Data below »
────

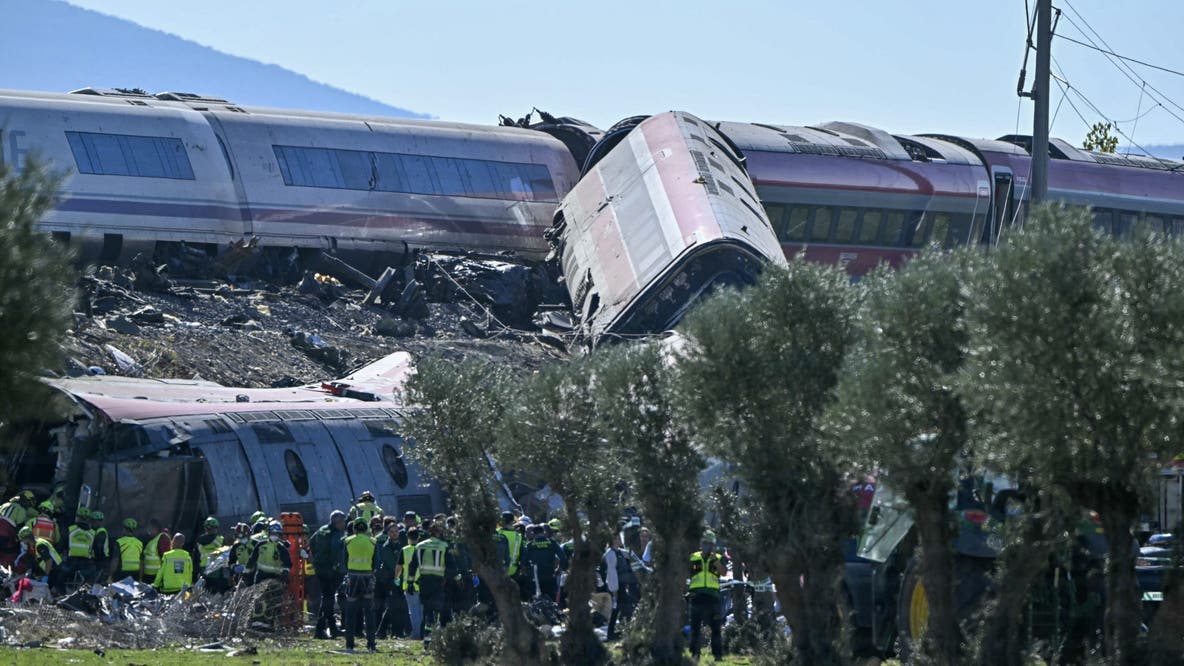 Dozens killed after two high-speed trains collide in central Spain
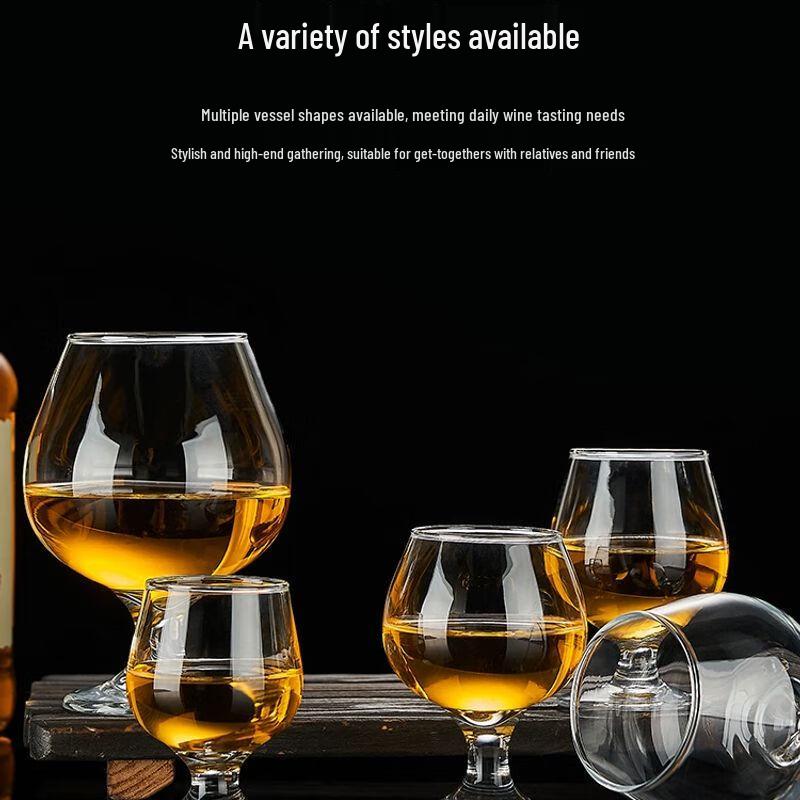 Jiakangming European Style Whisky and Brandy Glasses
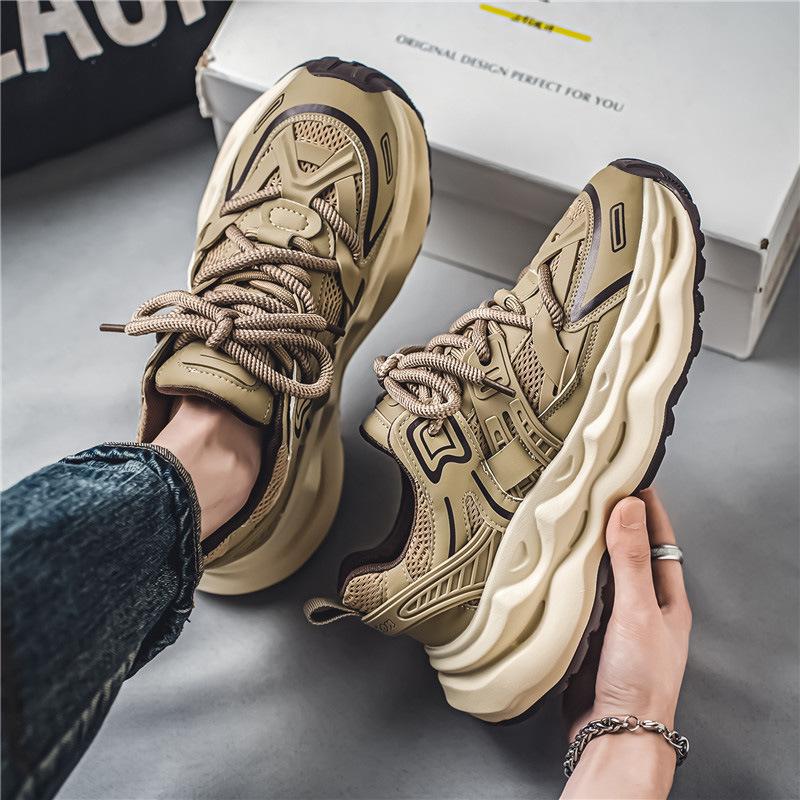 Men's Shoes Retro Dad Shoes Men's 2025 Summer New Mesh Shoes Men's Sports and Leisure Shoes Platform Trendy Shoes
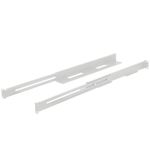 Guías laterales rack 19" 1U ajustables de fondo 397mm hasta 680mm 90Kg blanco - RB01600 - 03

────

Task » Lines from the one holding "Men's Shoes Retro" to the end of the data, both ends included, are to be given again exactly; no pictures belong in the copy.

Worked solution »
 Men's Shoes Retro Dad Shoes Men's 2025 Summer New Mesh Shoes Men's Sports and Leisure Shoes Platform Trendy Shoes
 Guías laterales rack 19" 1U ajustables de fondo 397mm hasta 680mm 90Kg blanco - RB01600 - 03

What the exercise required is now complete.